- Task objective:
Below is a block of records; repeat each one exactly.

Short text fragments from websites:
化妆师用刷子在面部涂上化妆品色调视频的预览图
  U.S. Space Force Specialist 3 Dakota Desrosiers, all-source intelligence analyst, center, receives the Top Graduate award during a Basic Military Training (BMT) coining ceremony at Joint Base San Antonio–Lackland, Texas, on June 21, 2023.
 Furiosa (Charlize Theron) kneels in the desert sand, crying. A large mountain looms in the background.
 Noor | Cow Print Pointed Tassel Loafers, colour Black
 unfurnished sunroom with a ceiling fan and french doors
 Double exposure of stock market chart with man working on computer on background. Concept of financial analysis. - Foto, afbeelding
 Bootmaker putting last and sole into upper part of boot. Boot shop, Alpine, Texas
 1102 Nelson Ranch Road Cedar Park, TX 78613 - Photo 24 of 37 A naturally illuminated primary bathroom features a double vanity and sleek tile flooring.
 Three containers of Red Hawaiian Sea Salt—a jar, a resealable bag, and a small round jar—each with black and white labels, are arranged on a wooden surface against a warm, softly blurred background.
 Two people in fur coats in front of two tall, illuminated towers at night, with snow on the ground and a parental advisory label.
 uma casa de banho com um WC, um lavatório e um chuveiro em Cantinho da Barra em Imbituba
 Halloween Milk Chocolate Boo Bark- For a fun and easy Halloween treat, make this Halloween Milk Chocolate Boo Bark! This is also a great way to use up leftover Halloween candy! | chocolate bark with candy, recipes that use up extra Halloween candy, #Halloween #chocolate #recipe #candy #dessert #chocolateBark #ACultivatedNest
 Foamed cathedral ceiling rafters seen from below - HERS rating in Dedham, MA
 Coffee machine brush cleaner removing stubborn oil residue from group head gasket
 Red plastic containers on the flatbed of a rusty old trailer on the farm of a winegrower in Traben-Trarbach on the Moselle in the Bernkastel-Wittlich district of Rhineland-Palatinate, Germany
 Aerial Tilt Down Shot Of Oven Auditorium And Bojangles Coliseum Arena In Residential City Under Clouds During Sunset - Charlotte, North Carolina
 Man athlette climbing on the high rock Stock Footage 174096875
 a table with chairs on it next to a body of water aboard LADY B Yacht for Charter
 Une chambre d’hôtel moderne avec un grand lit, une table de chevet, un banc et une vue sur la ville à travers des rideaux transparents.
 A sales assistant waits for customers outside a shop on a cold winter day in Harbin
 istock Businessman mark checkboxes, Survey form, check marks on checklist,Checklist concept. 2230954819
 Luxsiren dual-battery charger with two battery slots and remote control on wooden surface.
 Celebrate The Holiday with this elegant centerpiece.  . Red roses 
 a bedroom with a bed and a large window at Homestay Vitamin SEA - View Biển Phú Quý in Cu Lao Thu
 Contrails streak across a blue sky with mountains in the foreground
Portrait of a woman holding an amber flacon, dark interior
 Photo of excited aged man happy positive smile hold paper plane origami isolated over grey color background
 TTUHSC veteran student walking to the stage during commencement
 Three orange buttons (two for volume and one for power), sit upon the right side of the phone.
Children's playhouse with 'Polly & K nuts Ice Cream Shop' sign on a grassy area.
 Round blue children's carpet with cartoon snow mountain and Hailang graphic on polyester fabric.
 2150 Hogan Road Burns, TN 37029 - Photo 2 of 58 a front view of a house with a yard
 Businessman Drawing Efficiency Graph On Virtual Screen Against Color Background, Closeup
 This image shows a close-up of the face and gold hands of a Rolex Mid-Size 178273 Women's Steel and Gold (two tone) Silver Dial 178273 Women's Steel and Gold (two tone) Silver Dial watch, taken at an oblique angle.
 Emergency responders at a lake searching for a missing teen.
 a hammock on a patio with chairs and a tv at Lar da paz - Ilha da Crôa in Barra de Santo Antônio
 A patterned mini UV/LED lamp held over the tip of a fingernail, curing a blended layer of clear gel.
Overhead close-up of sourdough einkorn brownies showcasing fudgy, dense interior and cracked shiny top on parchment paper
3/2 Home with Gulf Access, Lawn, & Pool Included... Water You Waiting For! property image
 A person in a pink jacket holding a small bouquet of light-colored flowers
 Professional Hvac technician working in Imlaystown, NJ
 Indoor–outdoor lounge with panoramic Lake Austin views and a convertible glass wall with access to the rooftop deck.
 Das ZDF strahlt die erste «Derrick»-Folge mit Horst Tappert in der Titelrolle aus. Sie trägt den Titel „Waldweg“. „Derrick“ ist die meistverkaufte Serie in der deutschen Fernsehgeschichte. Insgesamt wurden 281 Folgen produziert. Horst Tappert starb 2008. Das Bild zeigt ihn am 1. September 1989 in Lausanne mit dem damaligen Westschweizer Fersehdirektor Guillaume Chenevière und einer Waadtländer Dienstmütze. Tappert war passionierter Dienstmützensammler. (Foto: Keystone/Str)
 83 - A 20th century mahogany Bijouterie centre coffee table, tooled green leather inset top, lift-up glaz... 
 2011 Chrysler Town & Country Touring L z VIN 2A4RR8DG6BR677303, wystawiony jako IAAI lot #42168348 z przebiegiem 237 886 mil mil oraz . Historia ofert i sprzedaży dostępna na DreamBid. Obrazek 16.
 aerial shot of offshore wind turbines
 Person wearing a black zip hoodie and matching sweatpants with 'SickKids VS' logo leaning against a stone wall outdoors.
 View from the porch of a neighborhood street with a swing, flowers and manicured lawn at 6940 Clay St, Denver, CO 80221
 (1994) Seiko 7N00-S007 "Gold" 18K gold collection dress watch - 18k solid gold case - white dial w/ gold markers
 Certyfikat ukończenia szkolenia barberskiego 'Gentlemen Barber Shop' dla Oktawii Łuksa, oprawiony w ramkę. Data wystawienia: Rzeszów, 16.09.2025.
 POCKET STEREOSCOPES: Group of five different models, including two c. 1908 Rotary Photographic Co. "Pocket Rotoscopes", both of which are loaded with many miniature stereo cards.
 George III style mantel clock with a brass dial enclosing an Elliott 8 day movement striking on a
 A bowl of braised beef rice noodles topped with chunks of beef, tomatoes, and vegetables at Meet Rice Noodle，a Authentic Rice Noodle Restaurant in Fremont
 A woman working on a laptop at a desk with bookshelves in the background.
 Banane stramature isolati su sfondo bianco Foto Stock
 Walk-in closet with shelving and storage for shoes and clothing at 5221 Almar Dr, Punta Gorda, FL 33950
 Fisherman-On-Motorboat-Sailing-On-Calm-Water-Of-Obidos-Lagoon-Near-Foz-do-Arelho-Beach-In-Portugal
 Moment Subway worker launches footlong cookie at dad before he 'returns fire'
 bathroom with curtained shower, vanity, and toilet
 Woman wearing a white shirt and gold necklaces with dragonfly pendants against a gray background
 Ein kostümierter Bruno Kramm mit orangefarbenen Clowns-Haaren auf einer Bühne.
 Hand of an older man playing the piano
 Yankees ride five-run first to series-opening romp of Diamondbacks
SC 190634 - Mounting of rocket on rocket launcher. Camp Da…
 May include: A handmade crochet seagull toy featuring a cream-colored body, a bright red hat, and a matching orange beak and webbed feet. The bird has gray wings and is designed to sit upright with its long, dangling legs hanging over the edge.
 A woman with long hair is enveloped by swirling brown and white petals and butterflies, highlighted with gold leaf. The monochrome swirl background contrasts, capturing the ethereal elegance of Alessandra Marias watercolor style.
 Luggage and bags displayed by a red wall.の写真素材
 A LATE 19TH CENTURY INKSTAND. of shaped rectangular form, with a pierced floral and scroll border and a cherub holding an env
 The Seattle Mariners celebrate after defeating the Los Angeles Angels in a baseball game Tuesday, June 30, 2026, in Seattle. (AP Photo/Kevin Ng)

- Result:
化妆师用刷子在面部涂上化妆品色调视频的预览图
  U.S. Space Force Specialist 3 Dakota Desrosiers, all-source intelligence analyst, center, receives the Top Graduate award during a Basic Military Training (BMT) coining ceremony at Joint Base San Antonio–Lackland, Texas, on June 21, 2023.
 Furiosa (Charlize Theron) kneels in the desert sand, crying. A large mountain looms in the background.
 Noor | Cow Print Pointed Tassel Loafers, colour Black
 unfurnished sunroom with a ceiling fan and french doors
 Double exposure of stock market chart with man working on computer on background. Concept of financial analysis. - Foto, afbeelding
 Bootmaker putting last and sole into upper part of boot. Boot shop, Alpine, Texas
 1102 Nelson Ranch Road Cedar Park, TX 78613 - Photo 24 of 37 A naturally illuminated primary bathroom features a double vanity and sleek tile flooring.
 Three containers of Red Hawaiian Sea Salt—a jar, a resealable bag, and a small round jar—each with black and white labels, are arranged on a wooden surface against a warm, softly blurred background.
 Two people in fur coats in front of two tall, illuminated towers at night, with snow on the ground and a parental advisory label.
 uma casa de banho com um WC, um lavatório e um chuveiro em Cantinho da Barra em Imbituba
 Halloween Milk Chocolate Boo Bark- For a fun and easy Halloween treat, make this Halloween Milk Chocolate Boo Bark! This is also a great way to use up leftover Halloween candy! | chocolate bark with candy, recipes that use up extra Halloween candy, #Halloween #chocolate #recipe #candy #dessert #chocolateBark #ACultivatedNest
 Foamed cathedral ceiling rafters seen from below - HERS rating in Dedham, MA
 Coffee machine brush cleaner removing stubborn oil residue from group head gasket
 Red plastic containers on the flatbed of a rusty old trailer on the farm of a winegrower in Traben-Trarbach on the Moselle in the Bernkastel-Wittlich district of Rhineland-Palatinate, Germany
 Aerial Tilt Down Shot Of Oven Auditorium And Bojangles Coliseum Arena In Residential City Under Clouds During Sunset - Charlotte, North Carolina
 Man athlette climbing on the high rock Stock Footage 174096875
 a table with chairs on it next to a body of water aboard LADY B Yacht for Charter
 Une chambre d’hôtel moderne avec un grand lit, une table de chevet, un banc et une vue sur la ville à travers des rideaux transparents.
 A sales assistant waits for customers outside a shop on a cold winter day in Harbin
 istock Businessman mark checkboxes, Survey form, check marks on checklist,Checklist concept. 2230954819
 Luxsiren dual-battery charger with two battery slots and remote control on wooden surface.
 Celebrate The Holiday with this elegant centerpiece.  . Red roses 
 a bedroom with a bed and a large window at Homestay Vitamin SEA - View Biển Phú Quý in Cu Lao Thu
 Contrails streak across a blue sky with mountains in the foreground
Portrait of a woman holding an amber flacon, dark interior
 Photo of excited aged man happy positive smile hold paper plane origami isolated over grey color background
 TTUHSC veteran student walking to the stage during commencement
 Three orange buttons (two for volume and one for power), sit upon the right side of the phone.
Children's playhouse with 'Polly & K nuts Ice Cream Shop' sign on a grassy area.
 Round blue children's carpet with cartoon snow mountain and Hailang graphic on polyester fabric.
 2150 Hogan Road Burns, TN 37029 - Photo 2 of 58 a front view of a house with a yard
 Businessman Drawing Efficiency Graph On Virtual Screen Against Color Background, Closeup
 This image shows a close-up of the face and gold hands of a Rolex Mid-Size 178273 Women's Steel and Gold (two tone) Silver Dial 178273 Women's Steel and Gold (two tone) Silver Dial watch, taken at an oblique angle.
 Emergency responders at a lake searching for a missing teen.
 a hammock on a patio with chairs and a tv at Lar da paz - Ilha da Crôa in Barra de Santo Antônio
 A patterned mini UV/LED lamp held over the tip of a fingernail, curing a blended layer of clear gel.
Overhead close-up of sourdough einkorn brownies showcasing fudgy, dense interior and cracked shiny top on parchment paper
3/2 Home with Gulf Access, Lawn, & Pool Included... Water You Waiting For! property image
 A person in a pink jacket holding a small bouquet of light-colored flowers
 Professional Hvac technician working in Imlaystown, NJ
 Indoor–outdoor lounge with panoramic Lake Austin views and a convertible glass wall with access to the rooftop deck.
 Das ZDF strahlt die erste «Derrick»-Folge mit Horst Tappert in der Titelrolle aus. Sie trägt den Titel „Waldweg“. „Derrick“ ist die meistverkaufte Serie in der deutschen Fernsehgeschichte. Insgesamt wurden 281 Folgen produziert. Horst Tappert starb 2008. Das Bild zeigt ihn am 1. September 1989 in Lausanne mit dem damaligen Westschweizer Fersehdirektor Guillaume Chenevière und einer Waadtländer Dienstmütze. Tappert war passionierter Dienstmützensammler. (Foto: Keystone/Str)
 83 - A 20th century mahogany Bijouterie centre coffee table, tooled green leather inset top, lift-up glaz... 
 2011 Chrysler Town & Country Touring L z VIN 2A4RR8DG6BR677303, wystawiony jako IAAI lot #42168348 z przebiegiem 237 886 mil mil oraz . Historia ofert i sprzedaży dostępna na DreamBid. Obrazek 16.
 aerial shot of offshore wind turbines
 Person wearing a black zip hoodie and matching sweatpants with 'SickKids VS' logo leaning against a stone wall outdoors.
 View from the porch of a neighborhood street with a swing, flowers and manicured lawn at 6940 Clay St, Denver, CO 80221
 (1994) Seiko 7N00-S007 "Gold" 18K gold collection dress watch - 18k solid gold case - white dial w/ gold markers
 Certyfikat ukończenia szkolenia barberskiego 'Gentlemen Barber Shop' dla Oktawii Łuksa, oprawiony w ramkę. Data wystawienia: Rzeszów, 16.09.2025.
 POCKET STEREOSCOPES: Group of five different models, including two c. 1908 Rotary Photographic Co. "Pocket Rotoscopes", both of which are loaded with many miniature stereo cards.
 George III style mantel clock with a brass dial enclosing an Elliott 8 day movement striking on a
 A bowl of braised beef rice noodles topped with chunks of beef, tomatoes, and vegetables at Meet Rice Noodle，a Authentic Rice Noodle Restaurant in Fremont
 A woman working on a laptop at a desk with bookshelves in the background.
 Banane stramature isolati su sfondo bianco Foto Stock
 Walk-in closet with shelving and storage for shoes and clothing at 5221 Almar Dr, Punta Gorda, FL 33950
 Fisherman-On-Motorboat-Sailing-On-Calm-Water-Of-Obidos-Lagoon-Near-Foz-do-Arelho-Beach-In-Portugal
 Moment Subway worker launches footlong cookie at dad before he 'returns fire'
 bathroom with curtained shower, vanity, and toilet
 Woman wearing a white shirt and gold necklaces with dragonfly pendants against a gray background
 Ein kostümierter Bruno Kramm mit orangefarbenen Clowns-Haaren auf einer Bühne.
 Hand of an older man playing the piano
 Yankees ride five-run first to series-opening romp of Diamondbacks
SC 190634 - Mounting of rocket on rocket launcher. Camp Da…
 May include: A handmade crochet seagull toy featuring a cream-colored body, a bright red hat, and a matching orange beak and webbed feet. The bird has gray wings and is designed to sit upright with its long, dangling legs hanging over the edge.
 A woman with long hair is enveloped by swirling brown and white petals and butterflies, highlighted with gold leaf. The monochrome swirl background contrasts, capturing the ethereal elegance of Alessandra Marias watercolor style.
 Luggage and bags displayed by a red wall.の写真素材
 A LATE 19TH CENTURY INKSTAND. of shaped rectangular form, with a pierced floral and scroll border and a cherub holding an env
 The Seattle Mariners celebrate after defeating the Los Angeles Angels in a baseball game Tuesday, June 30, 2026, in Seattle. (AP Photo/Kevin Ng)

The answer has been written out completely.